What the times demand
Finally, nearly all Western psychology has led to therapeutic formulae that recommend adaptation to the environment, with more than isolated results – it must be said – and abandoning, maybe for ever, the radically offending spirit of the so-called mystical disciplines whose purpose was inner transformation and the final liberation of the oppressive conditions imposed by the world. A psychic plague would have expanded for ever if it weren’t for the discovery of psychoactive drugs whose aim has been to block the eruption of mental alterations, anaesthetising the symptoms, rather than curing them. Today isolated explosions come from subjects who haven’t managed to be controlled by the system, while the laboratories extend their unchecked action towards children, a kind of Herodianism of the 21st century.
At the same time, fragments of that ancestral wisdom inundate the West in the form of Shamans, Gurus, fortune tellers and diverse practices that have been labelled a “New Age sensibility”, characteristic of a pre-religious stage, and something that indicates the persistence of a profound latent need which is driving these disordered searches, some of which are even dangerous.
“Man is a useless passion,” proclaimed the existentialists and they weren’t wrong. So much strife so that everything ends up the same: draining away in death. The fact of dying takes us to non-meaning and rebellion against this brutal end is the most sublime and moving libertarian gesture that we know of.

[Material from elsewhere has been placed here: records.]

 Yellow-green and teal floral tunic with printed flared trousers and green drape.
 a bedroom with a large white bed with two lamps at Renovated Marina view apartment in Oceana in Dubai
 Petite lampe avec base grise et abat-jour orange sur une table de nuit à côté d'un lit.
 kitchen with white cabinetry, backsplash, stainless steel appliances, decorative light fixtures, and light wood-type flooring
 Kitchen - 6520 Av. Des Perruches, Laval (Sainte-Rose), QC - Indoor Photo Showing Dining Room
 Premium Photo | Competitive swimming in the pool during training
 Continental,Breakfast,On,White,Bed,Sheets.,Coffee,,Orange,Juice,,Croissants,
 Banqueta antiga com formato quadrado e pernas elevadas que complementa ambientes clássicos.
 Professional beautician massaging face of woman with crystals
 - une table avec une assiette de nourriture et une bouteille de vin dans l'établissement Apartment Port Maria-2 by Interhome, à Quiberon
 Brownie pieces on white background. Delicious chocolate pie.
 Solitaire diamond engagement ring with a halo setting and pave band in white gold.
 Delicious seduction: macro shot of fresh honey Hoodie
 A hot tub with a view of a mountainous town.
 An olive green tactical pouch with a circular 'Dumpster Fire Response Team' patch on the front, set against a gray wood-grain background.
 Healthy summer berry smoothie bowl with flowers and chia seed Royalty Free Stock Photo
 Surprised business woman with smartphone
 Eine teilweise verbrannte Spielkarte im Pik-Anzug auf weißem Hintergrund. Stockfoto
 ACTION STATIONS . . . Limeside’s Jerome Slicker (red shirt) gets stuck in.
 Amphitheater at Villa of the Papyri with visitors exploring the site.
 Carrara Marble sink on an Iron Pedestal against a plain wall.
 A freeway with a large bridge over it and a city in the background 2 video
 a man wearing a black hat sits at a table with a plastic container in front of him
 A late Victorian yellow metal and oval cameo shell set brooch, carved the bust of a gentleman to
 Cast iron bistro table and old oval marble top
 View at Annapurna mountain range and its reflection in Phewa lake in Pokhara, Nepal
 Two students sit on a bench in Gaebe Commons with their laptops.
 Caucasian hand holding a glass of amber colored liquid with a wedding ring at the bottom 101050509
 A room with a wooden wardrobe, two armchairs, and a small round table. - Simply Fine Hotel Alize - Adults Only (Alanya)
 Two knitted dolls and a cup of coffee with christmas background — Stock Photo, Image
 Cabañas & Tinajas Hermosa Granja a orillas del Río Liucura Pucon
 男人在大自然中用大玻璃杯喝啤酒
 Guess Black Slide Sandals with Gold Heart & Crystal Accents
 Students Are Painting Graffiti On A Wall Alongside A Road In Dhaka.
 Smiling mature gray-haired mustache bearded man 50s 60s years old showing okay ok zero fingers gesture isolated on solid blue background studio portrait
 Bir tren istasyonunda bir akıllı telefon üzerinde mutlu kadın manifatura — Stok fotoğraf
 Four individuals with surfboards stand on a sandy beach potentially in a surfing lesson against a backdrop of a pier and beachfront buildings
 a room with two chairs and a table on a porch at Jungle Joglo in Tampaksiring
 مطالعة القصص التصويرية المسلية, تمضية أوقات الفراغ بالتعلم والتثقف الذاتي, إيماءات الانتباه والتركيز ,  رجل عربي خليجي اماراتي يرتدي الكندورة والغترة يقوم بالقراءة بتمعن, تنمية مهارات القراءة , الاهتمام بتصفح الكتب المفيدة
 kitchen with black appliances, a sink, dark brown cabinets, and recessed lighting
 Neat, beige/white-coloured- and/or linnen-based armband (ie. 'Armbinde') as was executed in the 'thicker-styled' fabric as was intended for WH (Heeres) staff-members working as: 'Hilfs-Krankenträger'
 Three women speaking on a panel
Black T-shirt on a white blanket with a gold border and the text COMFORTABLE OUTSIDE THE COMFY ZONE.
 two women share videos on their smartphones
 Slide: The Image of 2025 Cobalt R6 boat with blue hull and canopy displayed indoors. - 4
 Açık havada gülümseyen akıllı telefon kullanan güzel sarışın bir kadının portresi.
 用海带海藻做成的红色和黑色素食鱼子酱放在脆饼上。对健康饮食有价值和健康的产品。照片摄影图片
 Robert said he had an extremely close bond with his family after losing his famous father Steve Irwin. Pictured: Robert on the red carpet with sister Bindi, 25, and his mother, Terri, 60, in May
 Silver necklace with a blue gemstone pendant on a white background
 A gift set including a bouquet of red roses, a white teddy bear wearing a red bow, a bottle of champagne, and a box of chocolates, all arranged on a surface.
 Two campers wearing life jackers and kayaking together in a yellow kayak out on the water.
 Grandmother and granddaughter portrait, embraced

So a new humanism that aspires to confront the challenges of the present and the future must also be capable of proposing a path to satisfy this inner need. But to retake these explorations and go back to exercising the “inner look” is not an easy task given that ancient wisdom has been lost to us and subjectivity appears as a chaotic, complex and even threatening field. Nor does our experience with the traditional religions that we know help much; an experience that speaks of a painful history filled with fanaticism, violence, denial of life and freedom, to the point that no one could lament its disappearance. On the contrary: rejection of these unhealthy doctrines constitutes an act of genuine survival.
So the intranaut of today must necessarily confront a double task that is adjusted to the “Husserline” figure of consciousness-world. If the dehumanised form of contemporary life urgently requires a new humanism, the eruption of the absurdity of existence in the psychosocial background demands that one opens up to a new spirituality. The struggle for greater social justice allows us to advance towards the overcoming of human pain, but it is the search for a meaning in life that will make internal suffering recede.
Rationalism has made enormous contributions in different spheres but its postulates and methods have shown themselves to be insufficient for understanding the complex human dimension in its totality. The crucial problem will be in the generation of new means appropriate for moving in this “unchartered territory” thereby avoiding the danger of a fall into irrationality. But what is certain is that this new humanism and this new spirituality constitute the two essential aspects of the same reality and must progress simultaneously if the human being is to be seen as a whole.